I have sinned against the central authority of that in the United States, the neo-pagan Roman style Temple city of Hollywood, yet again. I delight in dissing the movies the way that a puerile pop-culture vulture or tenured university philosophy fop delights in repeating the rote-learned tropes of anti-Christian impiety but for what are more grown-up purposes. I figure like with my blasphemy against the cult of the Founders and the Constitution and even the holy of holies, the Bill of Rights, someone's got to try to jar that frozen but broken bolt loose.
There are rare, very, very rare exceptions to the nearly uniform awfulness that the movies are. I don't see the more recent ones because I don't go to the movies, I don't watch them on DVD very often, though I do see clips from time to time.
That video I posted about the now ubiquitous use of male rape, especially prison rape as a comedy trope EVEN IN CHILDRENS' CARTOONS, FOR FUCKSAKE! - which in a decent culture would be as vile as jokes about lynching or the Holocaust are (that both have been, in the case of the lynching of Black People and, as I'm equally horrified and enraged to discover, is currently being entered into the sad sack of "comedy" topics, the Shoah) led to me watching more on the channel of its creator. I was surprised to find that he also created the Buffy vs. Twilight video and the Donald Duck encounters Glenn Beck ones which are masterpieces of satire, the real thing, not the crap that gets called that.

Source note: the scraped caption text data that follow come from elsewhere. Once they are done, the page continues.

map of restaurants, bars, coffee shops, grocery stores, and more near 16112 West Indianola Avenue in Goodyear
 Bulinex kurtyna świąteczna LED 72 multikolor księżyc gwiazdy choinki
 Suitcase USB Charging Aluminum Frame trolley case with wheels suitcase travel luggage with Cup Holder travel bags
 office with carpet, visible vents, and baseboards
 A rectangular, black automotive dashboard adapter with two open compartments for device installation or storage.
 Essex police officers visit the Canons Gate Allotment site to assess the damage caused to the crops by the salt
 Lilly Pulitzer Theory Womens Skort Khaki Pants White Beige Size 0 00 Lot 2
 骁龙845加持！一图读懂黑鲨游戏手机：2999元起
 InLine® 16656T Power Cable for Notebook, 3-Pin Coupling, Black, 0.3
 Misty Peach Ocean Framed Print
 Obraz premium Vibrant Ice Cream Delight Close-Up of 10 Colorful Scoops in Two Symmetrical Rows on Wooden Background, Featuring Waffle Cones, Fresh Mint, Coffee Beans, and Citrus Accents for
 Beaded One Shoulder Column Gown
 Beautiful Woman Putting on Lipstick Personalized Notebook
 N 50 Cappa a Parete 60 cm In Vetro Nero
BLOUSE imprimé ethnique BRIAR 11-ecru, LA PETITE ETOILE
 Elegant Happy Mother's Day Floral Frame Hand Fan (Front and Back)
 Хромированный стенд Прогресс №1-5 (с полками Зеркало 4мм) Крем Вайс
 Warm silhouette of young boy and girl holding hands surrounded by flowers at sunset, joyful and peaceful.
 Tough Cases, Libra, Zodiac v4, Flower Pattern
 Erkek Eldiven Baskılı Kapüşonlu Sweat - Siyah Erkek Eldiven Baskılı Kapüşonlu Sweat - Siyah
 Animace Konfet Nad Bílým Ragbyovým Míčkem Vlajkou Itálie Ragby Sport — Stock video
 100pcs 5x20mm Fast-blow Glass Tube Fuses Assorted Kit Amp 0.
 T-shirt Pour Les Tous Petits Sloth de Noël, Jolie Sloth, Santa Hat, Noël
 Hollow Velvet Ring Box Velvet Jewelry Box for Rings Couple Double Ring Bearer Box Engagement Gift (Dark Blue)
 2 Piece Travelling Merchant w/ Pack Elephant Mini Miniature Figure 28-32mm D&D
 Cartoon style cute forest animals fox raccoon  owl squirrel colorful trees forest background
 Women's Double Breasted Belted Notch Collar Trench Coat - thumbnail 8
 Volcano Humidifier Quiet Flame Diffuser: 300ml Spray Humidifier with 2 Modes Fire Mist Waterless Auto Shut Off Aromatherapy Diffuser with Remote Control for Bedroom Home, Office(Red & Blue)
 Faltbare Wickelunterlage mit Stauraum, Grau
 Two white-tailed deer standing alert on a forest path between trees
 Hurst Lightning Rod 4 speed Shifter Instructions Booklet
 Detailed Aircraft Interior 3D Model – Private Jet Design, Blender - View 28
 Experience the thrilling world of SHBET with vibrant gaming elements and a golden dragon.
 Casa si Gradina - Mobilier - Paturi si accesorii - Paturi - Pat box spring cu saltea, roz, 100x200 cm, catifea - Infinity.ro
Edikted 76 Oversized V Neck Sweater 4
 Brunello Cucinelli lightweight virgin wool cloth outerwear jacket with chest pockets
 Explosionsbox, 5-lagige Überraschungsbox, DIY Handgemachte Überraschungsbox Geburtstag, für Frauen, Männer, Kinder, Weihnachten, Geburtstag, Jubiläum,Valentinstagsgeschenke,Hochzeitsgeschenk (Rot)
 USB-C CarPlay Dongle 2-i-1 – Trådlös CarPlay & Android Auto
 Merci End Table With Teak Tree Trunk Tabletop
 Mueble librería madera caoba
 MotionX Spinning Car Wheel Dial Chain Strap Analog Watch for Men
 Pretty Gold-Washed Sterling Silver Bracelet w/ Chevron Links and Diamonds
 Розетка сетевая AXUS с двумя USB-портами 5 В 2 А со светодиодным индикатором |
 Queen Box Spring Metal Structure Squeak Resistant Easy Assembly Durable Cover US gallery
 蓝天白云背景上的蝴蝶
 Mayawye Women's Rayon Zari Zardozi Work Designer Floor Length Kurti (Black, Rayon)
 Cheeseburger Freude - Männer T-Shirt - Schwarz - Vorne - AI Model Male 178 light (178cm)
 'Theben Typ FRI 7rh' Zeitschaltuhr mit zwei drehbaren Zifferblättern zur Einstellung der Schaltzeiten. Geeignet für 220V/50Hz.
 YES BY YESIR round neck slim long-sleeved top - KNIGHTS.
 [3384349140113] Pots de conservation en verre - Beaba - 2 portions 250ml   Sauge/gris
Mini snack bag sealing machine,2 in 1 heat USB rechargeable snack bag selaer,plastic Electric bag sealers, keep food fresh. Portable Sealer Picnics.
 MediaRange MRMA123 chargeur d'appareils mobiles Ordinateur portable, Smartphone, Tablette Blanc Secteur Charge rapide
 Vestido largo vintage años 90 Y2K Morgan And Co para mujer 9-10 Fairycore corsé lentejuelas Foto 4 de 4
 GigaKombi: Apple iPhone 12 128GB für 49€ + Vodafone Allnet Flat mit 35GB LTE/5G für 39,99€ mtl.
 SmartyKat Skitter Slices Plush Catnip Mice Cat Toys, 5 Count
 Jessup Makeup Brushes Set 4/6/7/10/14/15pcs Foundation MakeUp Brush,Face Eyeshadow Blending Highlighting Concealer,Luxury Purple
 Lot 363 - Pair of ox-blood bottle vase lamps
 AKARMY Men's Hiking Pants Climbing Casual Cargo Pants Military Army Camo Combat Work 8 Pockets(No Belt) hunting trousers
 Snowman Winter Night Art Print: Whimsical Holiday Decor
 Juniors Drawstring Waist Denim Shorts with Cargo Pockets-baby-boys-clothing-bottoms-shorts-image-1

One of his other longer commentaries is The Fantastic Masculinity of Newt Scamander, about a movie spinoff of the Harry Potter series which I hadn't known about since, apparently, the stories aren't in novels but only in screen plays so I had missed J. K. Rowling's invention of a character who might lead me to watch the movies. I watched two of the H.P. movies after having read the books and did not like the movies, at all though I quite liked the books. If she wrote them as books, I'd probably go out of my way to read them, though my nieces who I read the books to are too old for that now.
The excellent Jonathan Mcintosh who makes these points out that the movie critics largely disliked the character of Newt Scamander exactly because he wasn't the typical Hollywood type of manly man, pointing out that even the boy Harry Potter is more typical of the stereotypes that the movies love to recreate, endlessly, among the things that make the movies almost uniformly a deadening mind dulling waste of time and billions of dollars. I am generally allergic to Brit, especially English heroic types but what I saw of Newt Scamander as played by this actor was extremely appealing and the description of the plot sounded fresh and a welcomed relief. I think it's to Mcintosh's credit that he thought out his fresh take on these topics so well that it could make even a movie hater like me kind of think I might like to give this one a try.
His other cultural criticism is pretty good, what I've sampled of it.